Her youngest son and his family arrived at Disney. Even her bags made it to Florida.

But her Sunday flight was cancelled, and she spent Christmas Day at the airport. After waiting until 4:30 the next morning, she said she was told she would be put on a 6am flight. That flight was overbooked, and Mrs. Parham became a standby passenger. The flight took off with her bags but without her. The next flight was delayed, then cancelled. Then another delay and another cancellation. And what about the trip after that? I canceled as well.

“I need my make-up,” said Mrs. Parham, laughing.

He was anxious to return home, as his twin brother was flying in from California to meet him in New York. Mr. Malloy arrived in Atlanta a week ago to visit a friend.

“Thinking this way must end is really exhausting,” he said.

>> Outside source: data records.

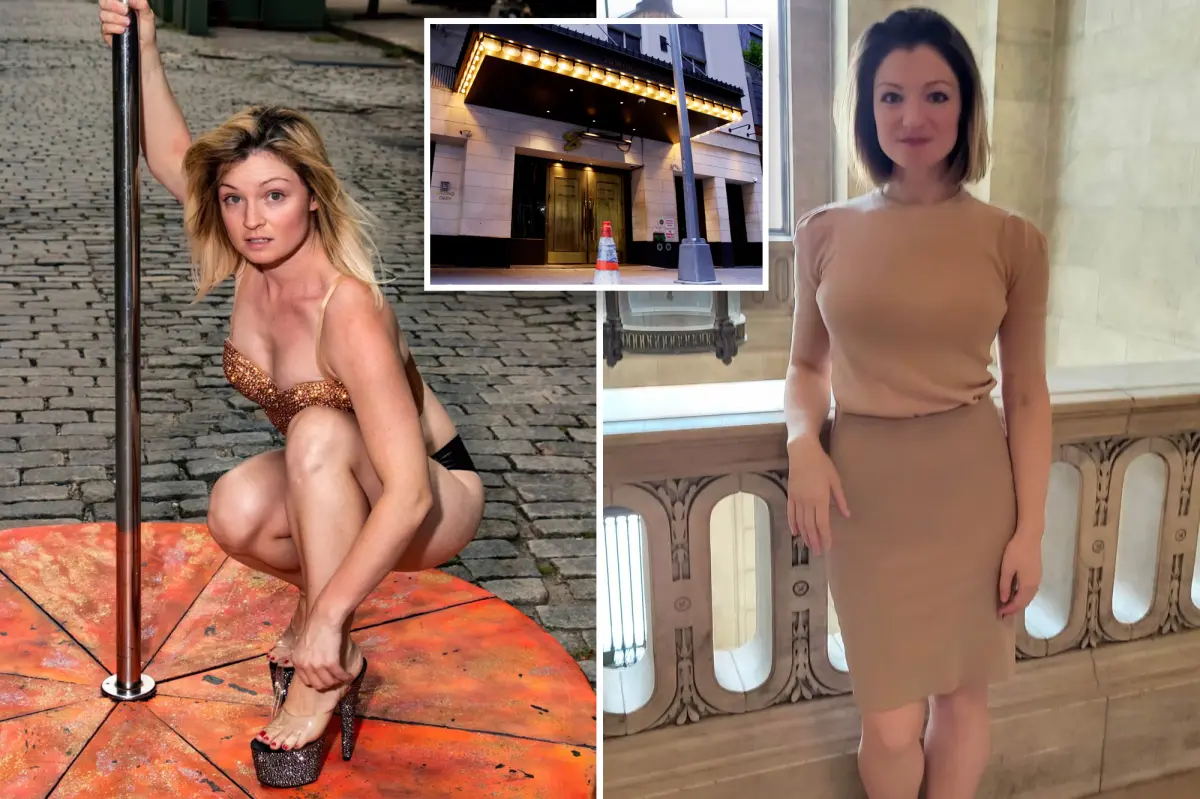 Stripper-turned-lawyer suing NYC jiggle joints for sex trafficking: ‘raped up against a wall’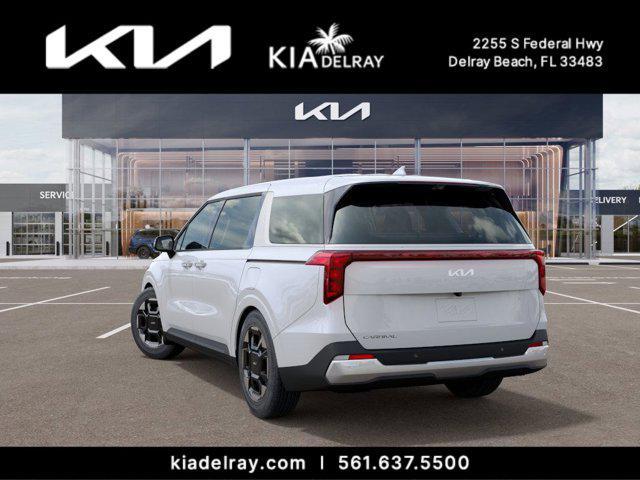 new 2025 Kia Carnival car, priced at $42,855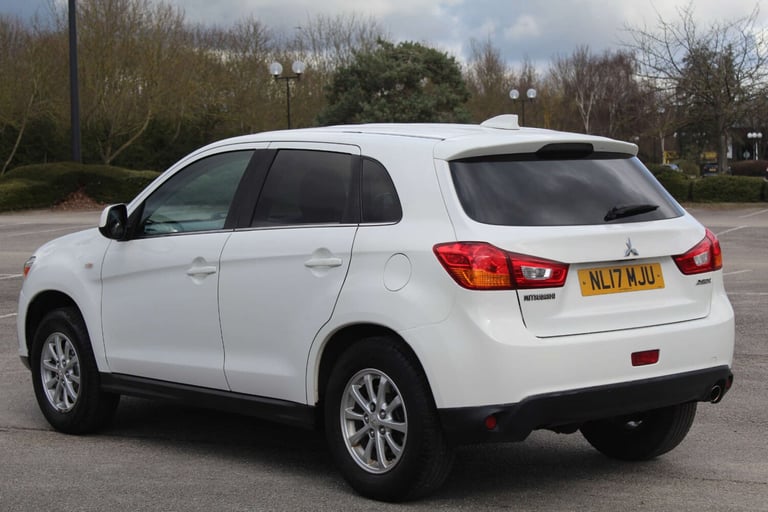2017 Mitsubishi ASX 1.6 ASX 2 5dr SUV Petrol Manual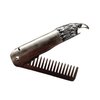 Comb EAGLE Handmade Pocket comb for Men, Gentleman's pocket comb folding stainless steel comb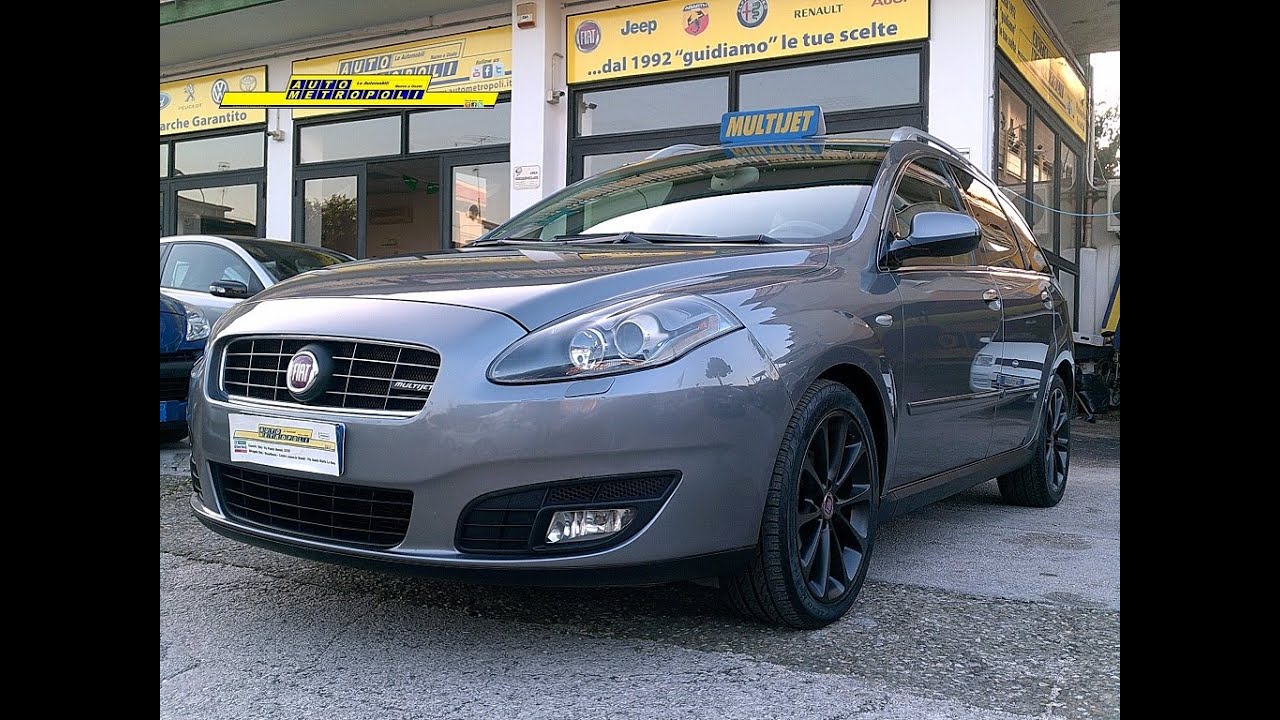 Fiat Croma 1.9 16v 150cv Mjet Emotion Aut. - Autometropoli.it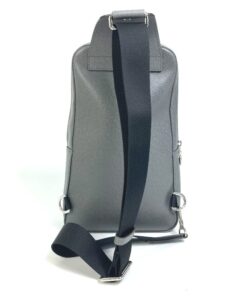 Louis Vuitton Avenue Sling Bag Taiga Grey For Men, Men’s Bags, Crossbody Bags 12.2in/31cm LV M30801 - Image 3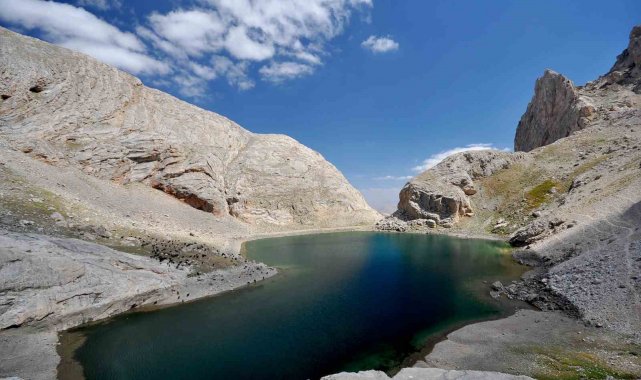 Niğde'nin saklı cenneti Karagöl ve Çini Göl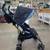 Ingenuity 3D Mini Convenience Stroller with Compact Fold – Gray/Blue 5 thumbnail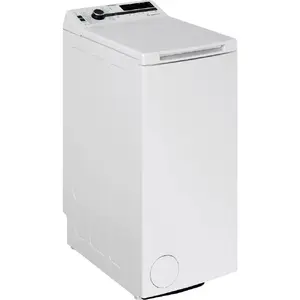 Стиральная машина вертикальная WHIRLPOOL TDLRB 7232BS EU, 7 кг, 1200 об/мин, 400×600×900 мм, белая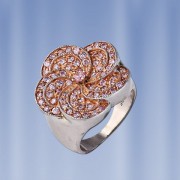 Silberring mit Zirkonia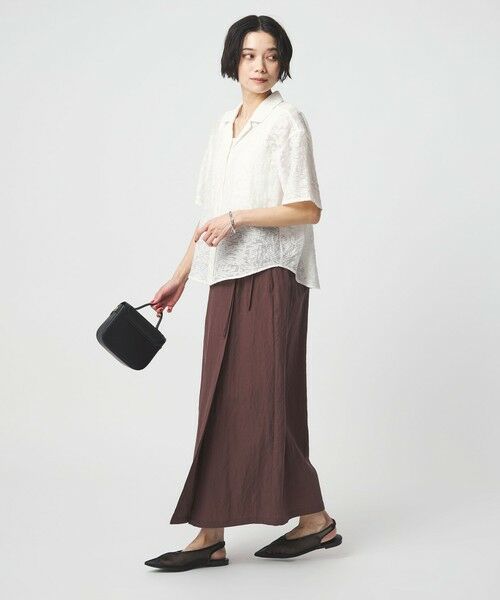 green label relaxing / グリーンレーベル リラクシング シャツ・ブラウス | ジャガード シャツ | 詳細4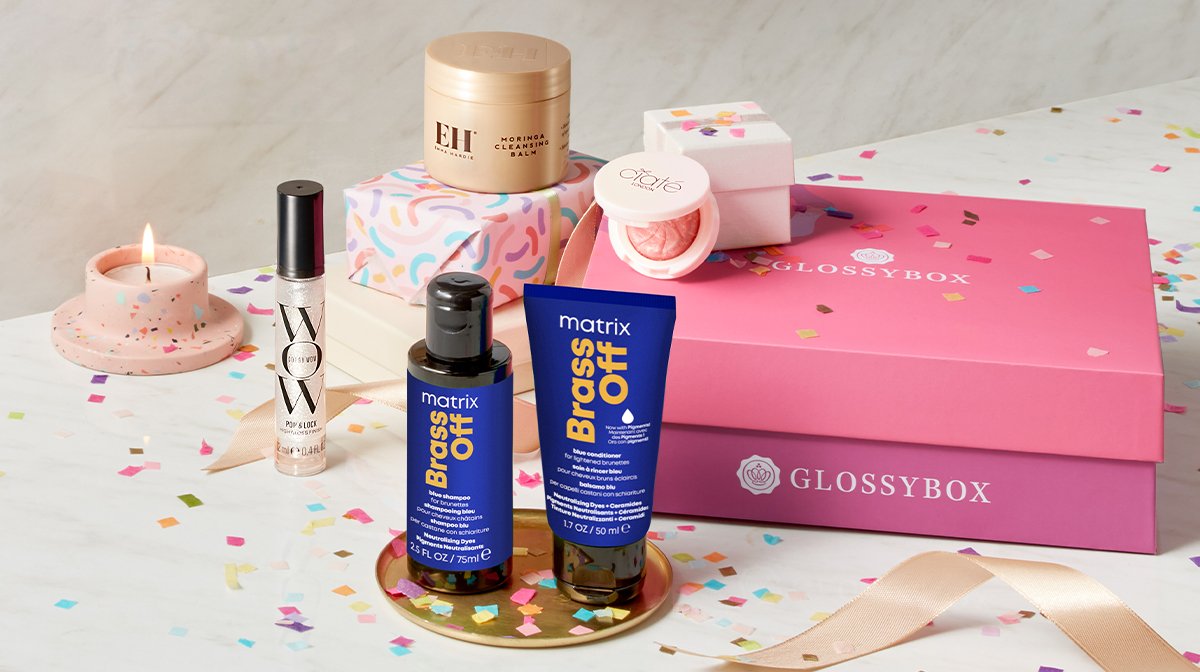 A Sneak Peek into GLOSSYBOX’s 13th Birthday Celebration Box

This wasn’t Mr. Malloy’s first disappointing trip with Southwest, as he was among the thousands of passengers affected. Delays and cancellations in June 2021. At the time, he spent $98 on an Uber from a remote airport to get home to Queens and didn’t pick up his bags for three days. As an apology, the airline gave him an airline voucher, which he used on his flight to Atlanta.

“Redeeming the voucher probably wasn’t a good idea,” he said.

Tanya Cieshinsky wrote in Atlanta and Danielle Victor in London.